§ INFORMATION SUPPLIED:
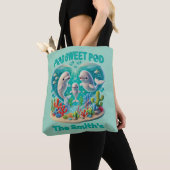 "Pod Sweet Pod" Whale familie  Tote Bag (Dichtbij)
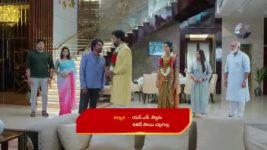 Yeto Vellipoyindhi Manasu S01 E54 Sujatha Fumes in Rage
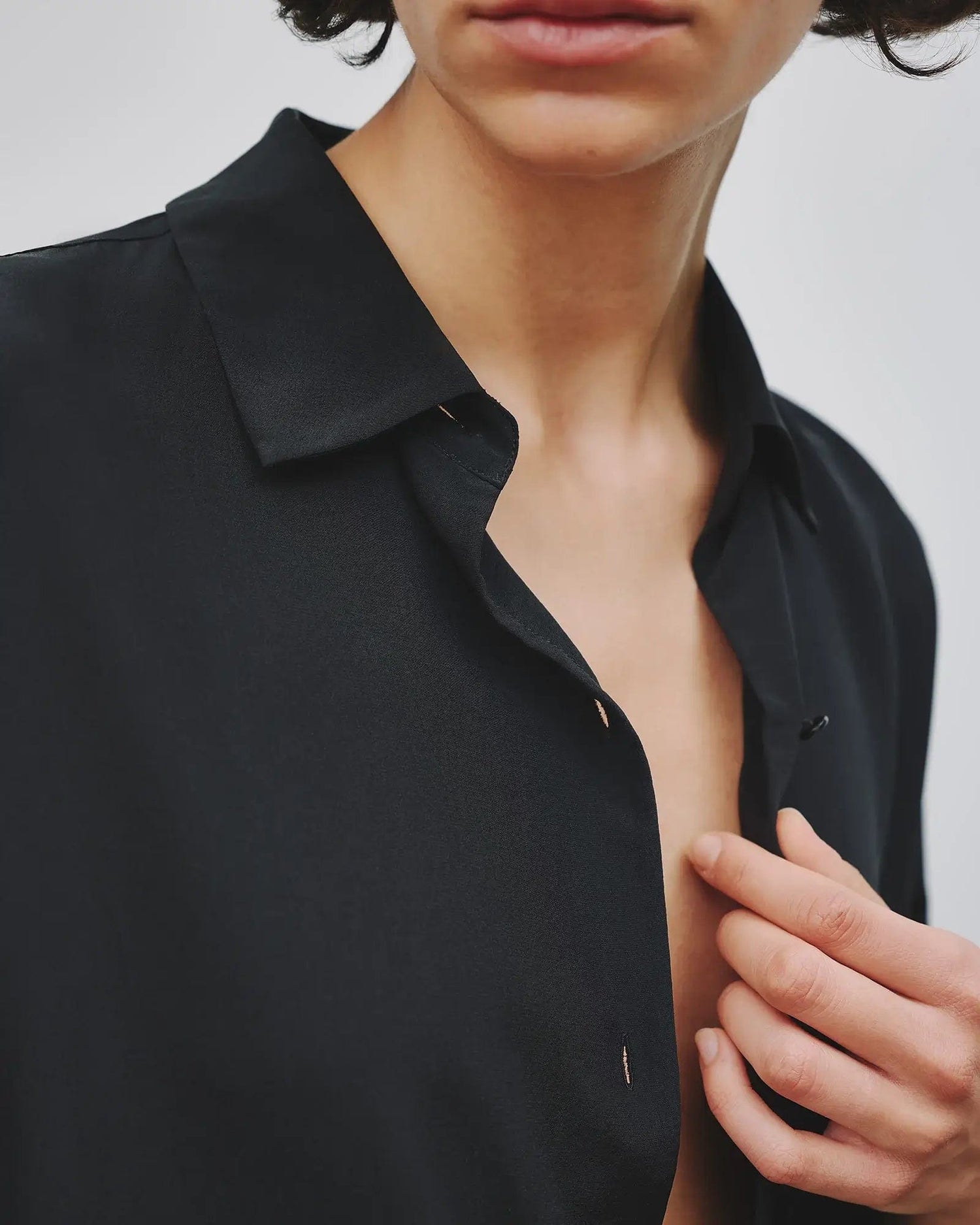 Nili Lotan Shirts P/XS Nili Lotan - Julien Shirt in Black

§ YOUR ASSIGNMENT: Output only the lines that run from the line containing "Yeto Vellipoyindhi Manasu" to the last line of the data, exactly as they stand and without pictures.

§ SOLUTION FOR THIS TASK:
 Yeto Vellipoyindhi Manasu S01 E54 Sujatha Fumes in Rage
 Nili Lotan Shirts P/XS Nili Lotan - Julien Shirt in Black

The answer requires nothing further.